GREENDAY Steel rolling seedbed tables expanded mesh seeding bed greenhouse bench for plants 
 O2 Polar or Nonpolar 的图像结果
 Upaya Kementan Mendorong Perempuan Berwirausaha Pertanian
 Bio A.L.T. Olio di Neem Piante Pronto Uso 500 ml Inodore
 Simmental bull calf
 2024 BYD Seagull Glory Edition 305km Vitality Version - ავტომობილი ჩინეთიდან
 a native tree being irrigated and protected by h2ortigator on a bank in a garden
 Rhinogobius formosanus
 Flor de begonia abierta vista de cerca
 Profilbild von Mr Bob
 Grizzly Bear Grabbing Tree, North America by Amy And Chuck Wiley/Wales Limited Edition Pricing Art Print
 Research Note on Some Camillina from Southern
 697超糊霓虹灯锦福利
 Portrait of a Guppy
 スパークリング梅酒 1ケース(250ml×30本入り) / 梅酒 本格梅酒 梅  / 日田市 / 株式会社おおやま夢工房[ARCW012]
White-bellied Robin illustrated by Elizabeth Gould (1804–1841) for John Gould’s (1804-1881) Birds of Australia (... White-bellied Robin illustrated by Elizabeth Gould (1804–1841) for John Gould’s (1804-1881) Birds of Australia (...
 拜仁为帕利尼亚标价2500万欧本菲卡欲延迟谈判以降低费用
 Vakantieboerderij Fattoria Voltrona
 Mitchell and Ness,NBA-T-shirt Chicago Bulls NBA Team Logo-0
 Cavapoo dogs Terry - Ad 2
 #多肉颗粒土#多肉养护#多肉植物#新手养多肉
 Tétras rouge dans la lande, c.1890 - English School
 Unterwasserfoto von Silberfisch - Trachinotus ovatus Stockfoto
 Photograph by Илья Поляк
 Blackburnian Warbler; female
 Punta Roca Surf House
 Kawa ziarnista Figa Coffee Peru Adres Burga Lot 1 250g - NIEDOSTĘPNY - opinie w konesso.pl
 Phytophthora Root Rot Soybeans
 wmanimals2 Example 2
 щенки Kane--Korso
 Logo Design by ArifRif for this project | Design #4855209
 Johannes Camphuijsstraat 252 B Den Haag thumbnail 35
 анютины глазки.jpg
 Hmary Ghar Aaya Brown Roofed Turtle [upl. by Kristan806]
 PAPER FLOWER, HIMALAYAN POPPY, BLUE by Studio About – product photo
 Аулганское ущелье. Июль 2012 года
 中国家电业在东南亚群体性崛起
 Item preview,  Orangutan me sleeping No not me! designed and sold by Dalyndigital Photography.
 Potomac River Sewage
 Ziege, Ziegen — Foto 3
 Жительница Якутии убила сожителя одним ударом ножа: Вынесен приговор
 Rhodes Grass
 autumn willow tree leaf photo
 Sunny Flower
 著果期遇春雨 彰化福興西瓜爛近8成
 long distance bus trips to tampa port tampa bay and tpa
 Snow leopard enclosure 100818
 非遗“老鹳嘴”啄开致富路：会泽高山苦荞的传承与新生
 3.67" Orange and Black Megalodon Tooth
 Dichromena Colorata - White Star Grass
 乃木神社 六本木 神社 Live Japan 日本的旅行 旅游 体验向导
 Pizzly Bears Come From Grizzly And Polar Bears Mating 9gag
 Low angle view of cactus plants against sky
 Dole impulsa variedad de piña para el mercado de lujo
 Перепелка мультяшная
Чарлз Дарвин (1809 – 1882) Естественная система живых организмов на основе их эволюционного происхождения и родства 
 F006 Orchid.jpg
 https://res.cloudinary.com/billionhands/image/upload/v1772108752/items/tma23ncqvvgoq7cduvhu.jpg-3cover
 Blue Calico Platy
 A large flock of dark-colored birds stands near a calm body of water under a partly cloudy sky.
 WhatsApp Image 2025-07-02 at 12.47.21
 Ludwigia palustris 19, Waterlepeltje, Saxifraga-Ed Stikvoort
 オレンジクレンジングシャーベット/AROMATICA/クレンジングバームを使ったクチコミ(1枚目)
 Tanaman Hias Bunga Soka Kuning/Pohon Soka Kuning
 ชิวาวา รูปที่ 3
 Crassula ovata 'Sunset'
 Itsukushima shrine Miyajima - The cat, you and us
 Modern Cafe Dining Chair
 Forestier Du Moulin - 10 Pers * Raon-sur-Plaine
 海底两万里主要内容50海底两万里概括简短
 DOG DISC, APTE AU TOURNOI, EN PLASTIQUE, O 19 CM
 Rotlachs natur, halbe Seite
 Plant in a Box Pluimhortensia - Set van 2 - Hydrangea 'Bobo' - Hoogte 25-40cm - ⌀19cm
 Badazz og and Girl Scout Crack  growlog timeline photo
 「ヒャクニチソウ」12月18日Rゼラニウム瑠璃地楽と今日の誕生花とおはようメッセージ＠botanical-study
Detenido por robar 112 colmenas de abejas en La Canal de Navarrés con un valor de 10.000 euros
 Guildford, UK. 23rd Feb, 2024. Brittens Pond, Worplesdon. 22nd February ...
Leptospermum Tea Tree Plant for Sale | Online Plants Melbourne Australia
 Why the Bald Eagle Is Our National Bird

####################

(Instructions to follow): All of the entries must be written out exactly as they stand.

(Solution):
GREENDAY Steel rolling seedbed tables expanded mesh seeding bed greenhouse bench for plants 
 O2 Polar or Nonpolar 的图像结果
 Upaya Kementan Mendorong Perempuan Berwirausaha Pertanian
 Bio A.L.T. Olio di Neem Piante Pronto Uso 500 ml Inodore
 Simmental bull calf
 2024 BYD Seagull Glory Edition 305km Vitality Version - ავტომობილი ჩინეთიდან
 a native tree being irrigated and protected by h2ortigator on a bank in a garden
 Rhinogobius formosanus
 Flor de begonia abierta vista de cerca
 Profilbild von Mr Bob
 Grizzly Bear Grabbing Tree, North America by Amy And Chuck Wiley/Wales Limited Edition Pricing Art Print
 Research Note on Some Camillina from Southern
 697超糊霓虹灯锦福利
 Portrait of a Guppy
 スパークリング梅酒 1ケース(250ml×30本入り) / 梅酒 本格梅酒 梅  / 日田市 / 株式会社おおやま夢工房[ARCW012]
White-bellied Robin illustrated by Elizabeth Gould (1804–1841) for John Gould’s (1804-1881) Birds of Australia (... White-bellied Robin illustrated by Elizabeth Gould (1804–1841) for John Gould’s (1804-1881) Birds of Australia (...
 拜仁为帕利尼亚标价2500万欧本菲卡欲延迟谈判以降低费用
 Vakantieboerderij Fattoria Voltrona
 Mitchell and Ness,NBA-T-shirt Chicago Bulls NBA Team Logo-0
 Cavapoo dogs Terry - Ad 2
 #多肉颗粒土#多肉养护#多肉植物#新手养多肉
 Tétras rouge dans la lande, c.1890 - English School
 Unterwasserfoto von Silberfisch - Trachinotus ovatus Stockfoto
 Photograph by Илья Поляк
 Blackburnian Warbler; female
 Punta Roca Surf House
 Kawa ziarnista Figa Coffee Peru Adres Burga Lot 1 250g - NIEDOSTĘPNY - opinie w konesso.pl
 Phytophthora Root Rot Soybeans
 wmanimals2 Example 2
 щенки Kane--Korso
 Logo Design by ArifRif for this project | Design #4855209
 Johannes Camphuijsstraat 252 B Den Haag thumbnail 35
 анютины глазки.jpg
 Hmary Ghar Aaya Brown Roofed Turtle [upl. by Kristan806]
 PAPER FLOWER, HIMALAYAN POPPY, BLUE by Studio About – product photo
 Аулганское ущелье. Июль 2012 года
 中国家电业在东南亚群体性崛起
 Item preview,  Orangutan me sleeping No not me! designed and sold by Dalyndigital Photography.
 Potomac River Sewage
 Ziege, Ziegen — Foto 3
 Жительница Якутии убила сожителя одним ударом ножа: Вынесен приговор
 Rhodes Grass
 autumn willow tree leaf photo
 Sunny Flower
 著果期遇春雨 彰化福興西瓜爛近8成
 long distance bus trips to tampa port tampa bay and tpa
 Snow leopard enclosure 100818
 非遗“老鹳嘴”啄开致富路：会泽高山苦荞的传承与新生
 3.67" Orange and Black Megalodon Tooth
 Dichromena Colorata - White Star Grass
 乃木神社 六本木 神社 Live Japan 日本的旅行 旅游 体验向导
 Pizzly Bears Come From Grizzly And Polar Bears Mating 9gag
 Low angle view of cactus plants against sky
 Dole impulsa variedad de piña para el mercado de lujo
 Перепелка мультяшная
Чарлз Дарвин (1809 – 1882) Естественная система живых организмов на основе их эволюционного происхождения и родства 
 F006 Orchid.jpg
 https://res.cloudinary.com/billionhands/image/upload/v1772108752/items/tma23ncqvvgoq7cduvhu.jpg-3cover
 Blue Calico Platy
 A large flock of dark-colored birds stands near a calm body of water under a partly cloudy sky.
 WhatsApp Image 2025-07-02 at 12.47.21
 Ludwigia palustris 19, Waterlepeltje, Saxifraga-Ed Stikvoort
 オレンジクレンジングシャーベット/AROMATICA/クレンジングバームを使ったクチコミ(1枚目)
 Tanaman Hias Bunga Soka Kuning/Pohon Soka Kuning
 ชิวาวา รูปที่ 3
 Crassula ovata 'Sunset'
 Itsukushima shrine Miyajima - The cat, you and us
 Modern Cafe Dining Chair
 Forestier Du Moulin - 10 Pers * Raon-sur-Plaine
 海底两万里主要内容50海底两万里概括简短
 DOG DISC, APTE AU TOURNOI, EN PLASTIQUE, O 19 CM
 Rotlachs natur, halbe Seite
 Plant in a Box Pluimhortensia - Set van 2 - Hydrangea 'Bobo' - Hoogte 25-40cm - ⌀19cm
 Badazz og and Girl Scout Crack  growlog timeline photo
 「ヒャクニチソウ」12月18日Rゼラニウム瑠璃地楽と今日の誕生花とおはようメッセージ＠botanical-study
Detenido por robar 112 colmenas de abejas en La Canal de Navarrés con un valor de 10.000 euros
 Guildford, UK. 23rd Feb, 2024. Brittens Pond, Worplesdon. 22nd February ...
Leptospermum Tea Tree Plant for Sale | Online Plants Melbourne Australia
 Why the Bald Eagle Is Our National Bird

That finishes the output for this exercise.